START Supplied information
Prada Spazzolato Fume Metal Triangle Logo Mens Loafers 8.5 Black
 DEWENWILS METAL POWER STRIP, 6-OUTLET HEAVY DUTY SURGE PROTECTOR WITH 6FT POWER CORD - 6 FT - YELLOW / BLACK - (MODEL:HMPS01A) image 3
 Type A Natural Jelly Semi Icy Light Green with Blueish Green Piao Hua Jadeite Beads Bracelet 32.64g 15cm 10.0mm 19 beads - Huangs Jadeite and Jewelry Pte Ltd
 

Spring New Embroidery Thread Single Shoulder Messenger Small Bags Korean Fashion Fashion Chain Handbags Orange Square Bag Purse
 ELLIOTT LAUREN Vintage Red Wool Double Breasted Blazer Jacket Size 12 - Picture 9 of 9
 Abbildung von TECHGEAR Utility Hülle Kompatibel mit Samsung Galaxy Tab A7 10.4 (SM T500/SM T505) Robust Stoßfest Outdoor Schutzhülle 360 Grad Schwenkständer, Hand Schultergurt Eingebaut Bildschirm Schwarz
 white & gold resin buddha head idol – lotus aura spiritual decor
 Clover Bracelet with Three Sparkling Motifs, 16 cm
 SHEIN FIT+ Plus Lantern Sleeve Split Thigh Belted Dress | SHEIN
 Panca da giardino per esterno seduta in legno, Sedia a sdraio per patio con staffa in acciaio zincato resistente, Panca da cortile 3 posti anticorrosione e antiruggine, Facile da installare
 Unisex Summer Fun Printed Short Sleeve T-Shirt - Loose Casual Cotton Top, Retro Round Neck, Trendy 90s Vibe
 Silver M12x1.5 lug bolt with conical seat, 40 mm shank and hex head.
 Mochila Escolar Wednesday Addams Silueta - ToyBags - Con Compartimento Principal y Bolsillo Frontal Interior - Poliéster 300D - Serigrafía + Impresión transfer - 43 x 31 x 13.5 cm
END Supplied information
Task instructions:
Every line in the records above that contains the word "Sleeve" is to be copied out.

Result for this task:
 SHEIN FIT+ Plus Lantern Sleeve Split Thigh Belted Dress | SHEIN
 Unisex Summer Fun Printed Short Sleeve T-Shirt - Loose Casual Cotton Top, Retro Round Neck, Trendy 90s Vibe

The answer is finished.